Records provided:
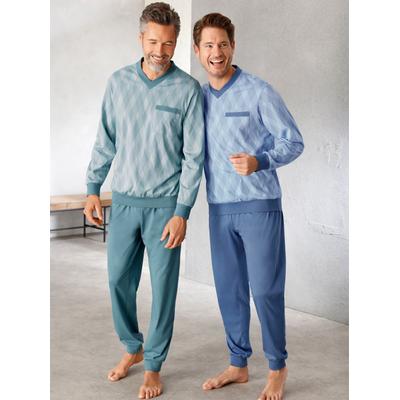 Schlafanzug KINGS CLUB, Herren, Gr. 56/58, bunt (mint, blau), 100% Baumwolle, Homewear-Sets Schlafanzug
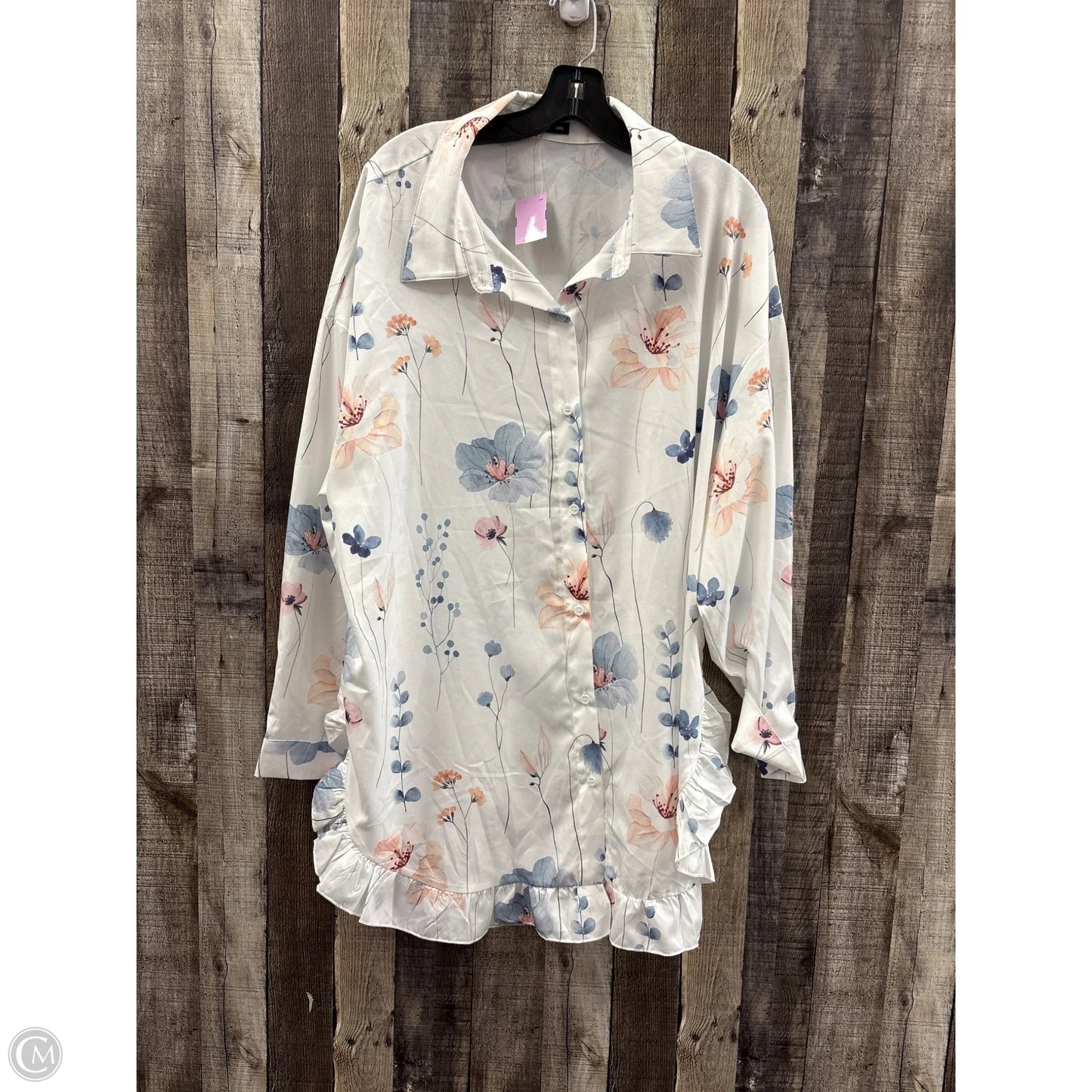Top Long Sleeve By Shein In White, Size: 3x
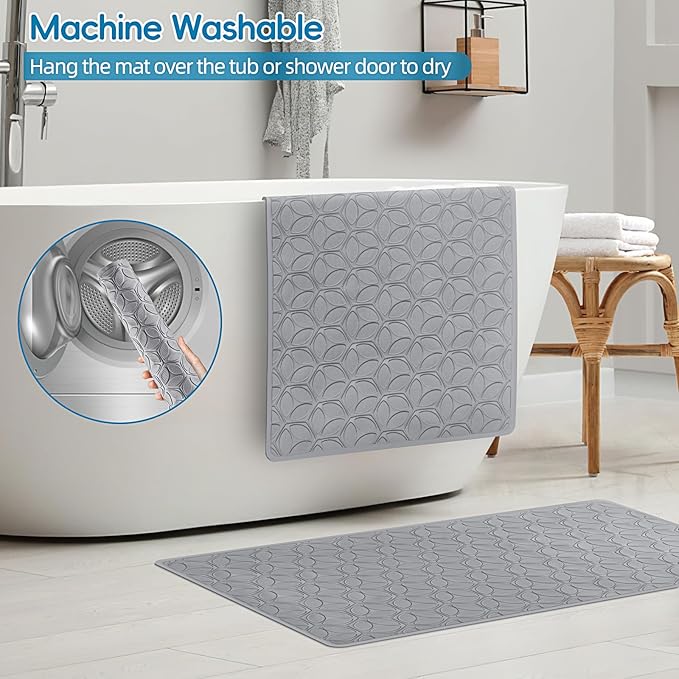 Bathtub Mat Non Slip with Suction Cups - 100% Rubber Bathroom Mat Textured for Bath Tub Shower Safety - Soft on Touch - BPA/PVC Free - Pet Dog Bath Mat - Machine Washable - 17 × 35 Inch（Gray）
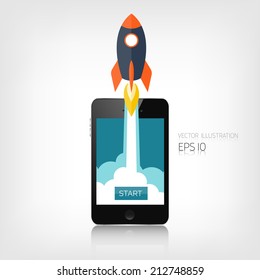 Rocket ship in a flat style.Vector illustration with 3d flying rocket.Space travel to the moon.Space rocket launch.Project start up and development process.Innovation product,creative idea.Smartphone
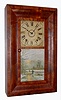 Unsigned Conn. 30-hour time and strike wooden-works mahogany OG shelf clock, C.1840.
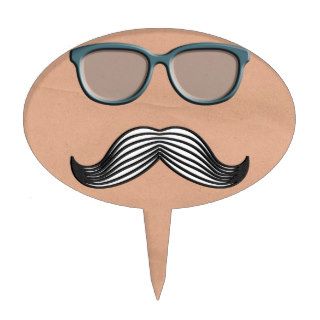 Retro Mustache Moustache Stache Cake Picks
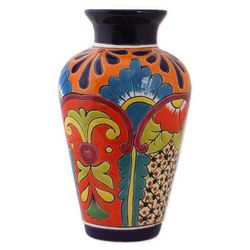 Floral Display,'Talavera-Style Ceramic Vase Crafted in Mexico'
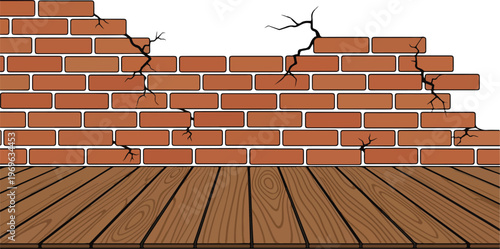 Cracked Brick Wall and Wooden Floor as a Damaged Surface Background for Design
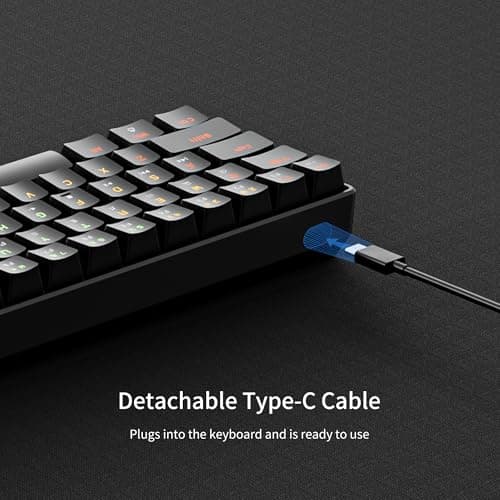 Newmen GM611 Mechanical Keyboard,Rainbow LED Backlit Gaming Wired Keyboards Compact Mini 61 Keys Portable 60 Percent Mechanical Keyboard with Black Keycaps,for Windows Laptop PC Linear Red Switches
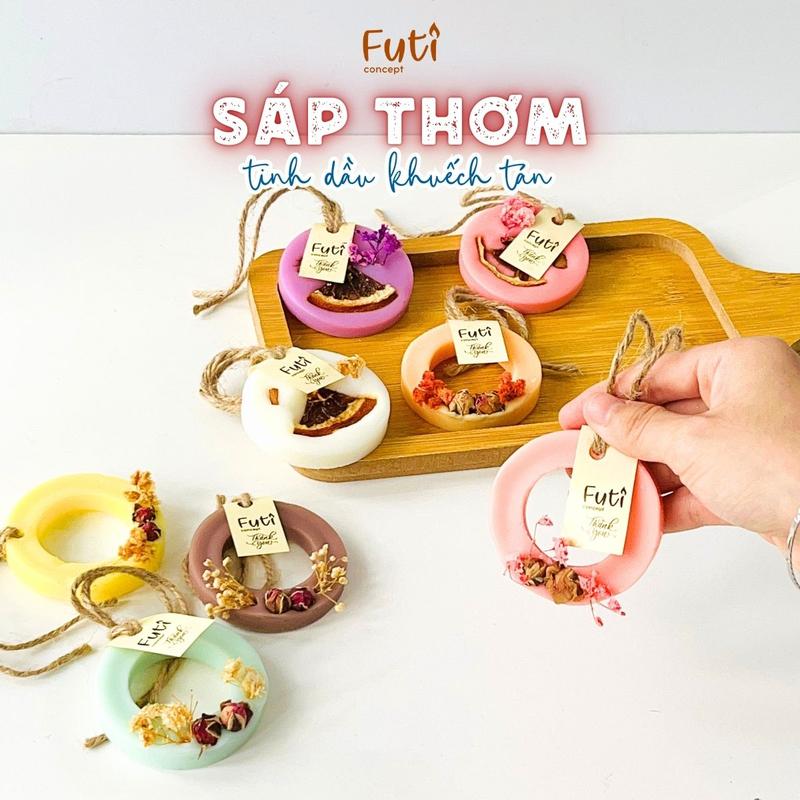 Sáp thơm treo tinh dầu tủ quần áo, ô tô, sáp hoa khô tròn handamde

Task details: Reproduce the final stretch of lines exactly: the line containing "Unsigned Conn. 30-hour" through the last line of the data, both included. Pictures do not belong in the copy.

Exercise result:
 Unsigned Conn. 30-hour time and strike wooden-works mahogany OG shelf clock, C.1840.
 Retro Mustache Moustache Stache Cake Picks
 Floral Display,'Talavera-Style Ceramic Vase Crafted in Mexico'
 Cracked Brick Wall and Wooden Floor as a Damaged Surface Background for Design
 Newmen GM611 Mechanical Keyboard,Rainbow LED Backlit Gaming Wired Keyboards Compact Mini 61 Keys Portable 60 Percent Mechanical Keyboard with Black Keycaps,for Windows Laptop PC Linear Red Switches
 Sáp thơm treo tinh dầu tủ quần áo, ô tô, sáp hoa khô tròn handamde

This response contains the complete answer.